*EXTRACTED INFORMATION:*
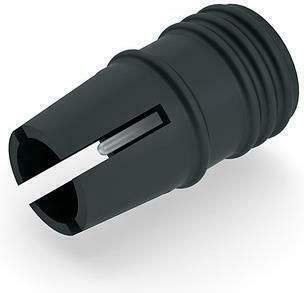 Lampa Car Antenna Roof Multi-Fit Threaded 38cm for Radio in Black Color
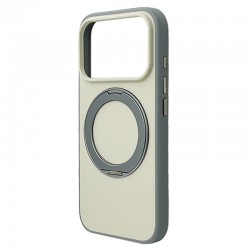 Husa spate pentru iPhone 17 Pro Max Berlia 360 - Nude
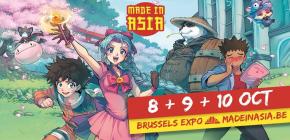 Made In Asia Belgique 2021- 12ème édition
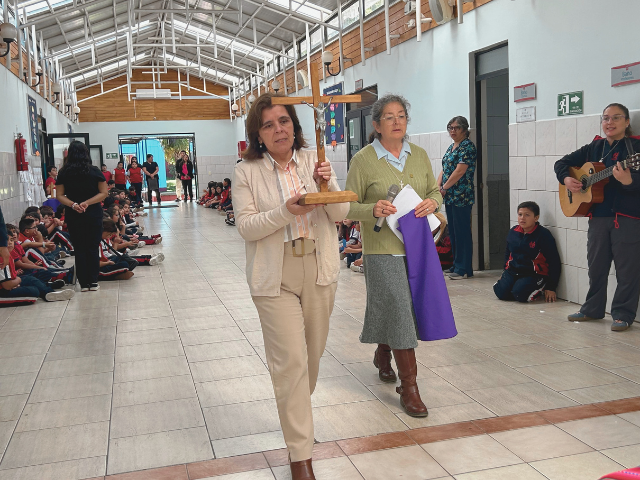 Vivimos Semana Santa en comunidad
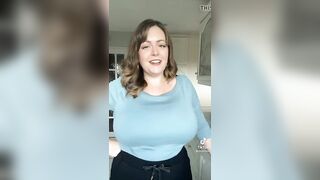 Tik Tok: Big & Huge Tits!#87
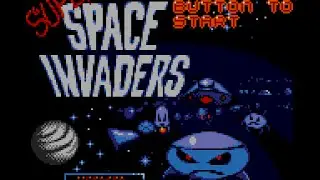 Game Gear Longplay [068] Super Space Invaders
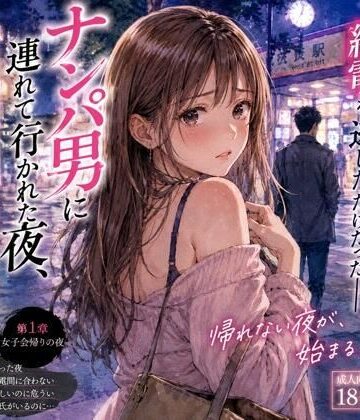 【どちゃエロ】ナンパ男に連れて行かれた夜、彼氏には言えない ―断れなかった―｜d_795086
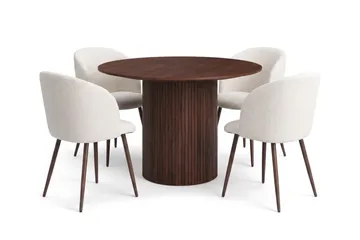 110 cm - Valnöt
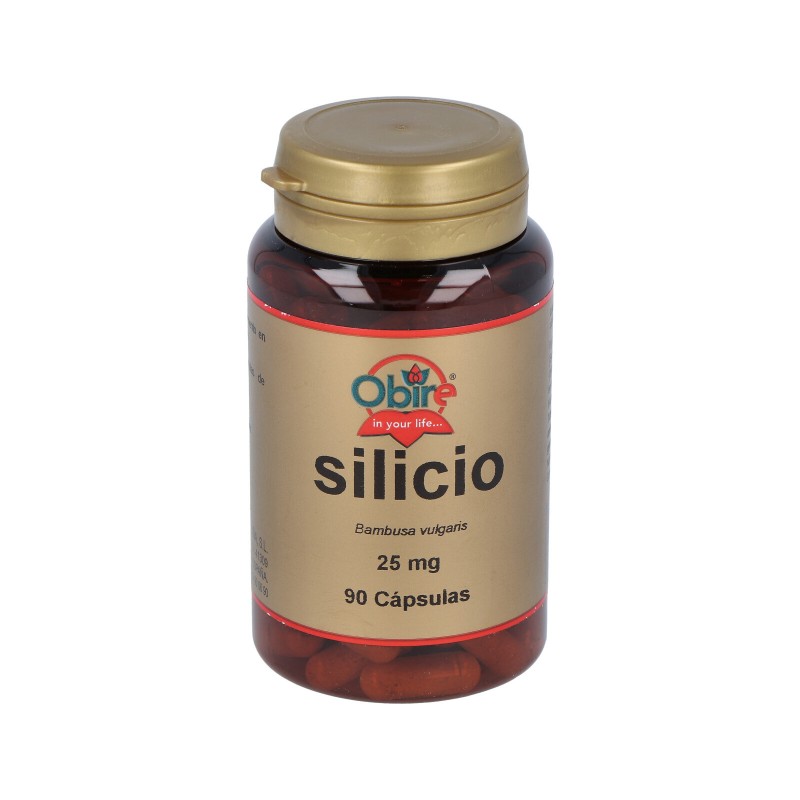 Obire Silicone 25 mg, 90 cápsulas.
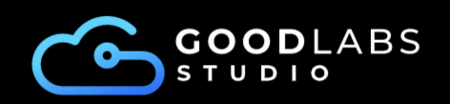 Logo for GoodLabs Studio.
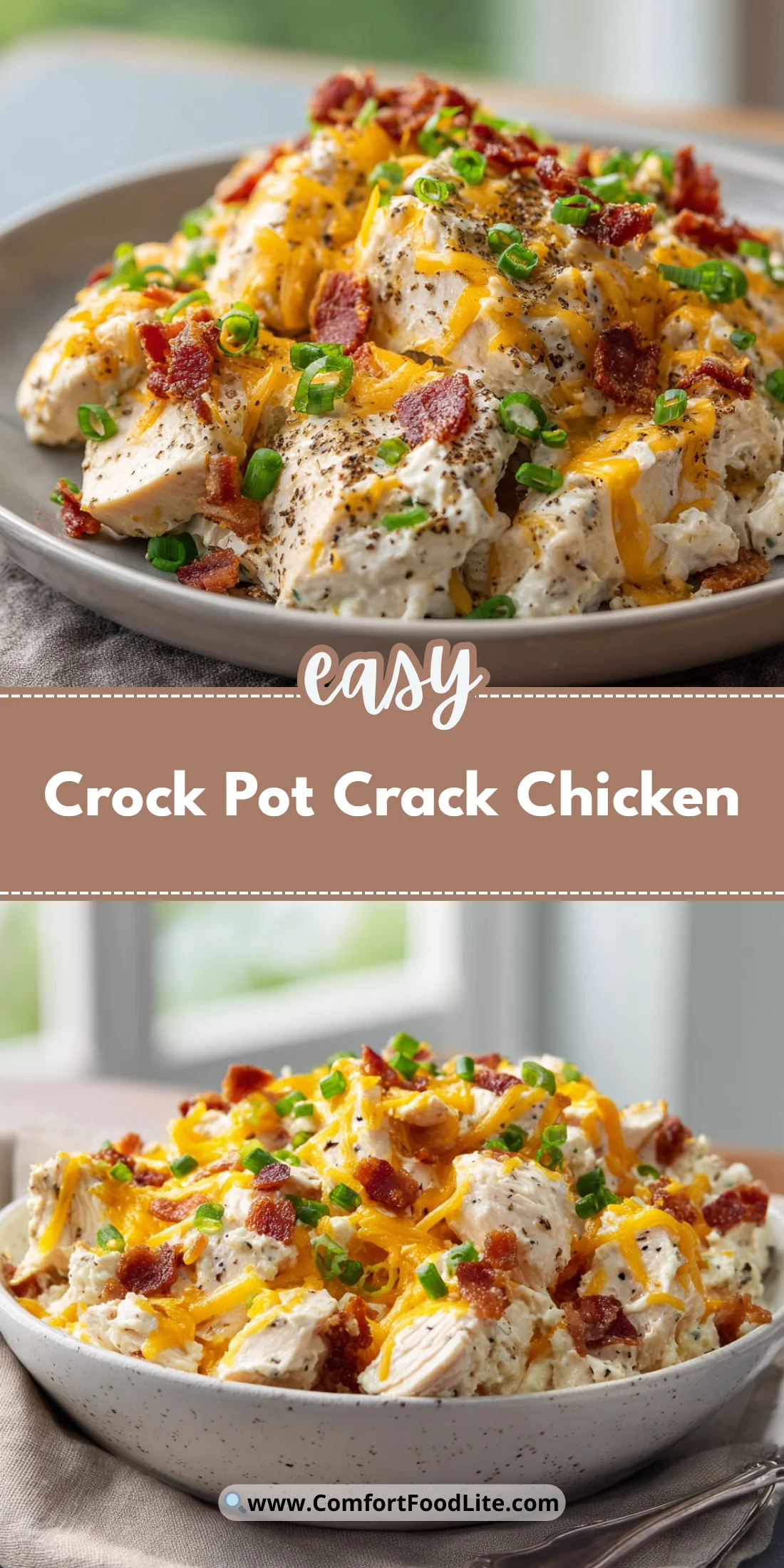 Crock Pot Crack Chicken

*TASK PROMPT:*
Transcribe the full listing above exactly, with the images removed.

*WRITTEN SOLUTION:*
 Lampa Car Antenna Roof Multi-Fit Threaded 38cm for Radio in Black Color
 Husa spate pentru iPhone 17 Pro Max Berlia 360 - Nude
 Made In Asia Belgique 2021- 12ème édition
 Vivimos Semana Santa en comunidad
 Tik Tok: Big & Huge Tits!#87
 Game Gear Longplay [068] Super Space Invaders
 【どちゃエロ】ナンパ男に連れて行かれた夜、彼氏には言えない ―断れなかった―｜d_795086
 110 cm - Valnöt
 Obire Silicone 25 mg, 90 cápsulas.
 Logo for GoodLabs Studio.
 Crock Pot Crack Chicken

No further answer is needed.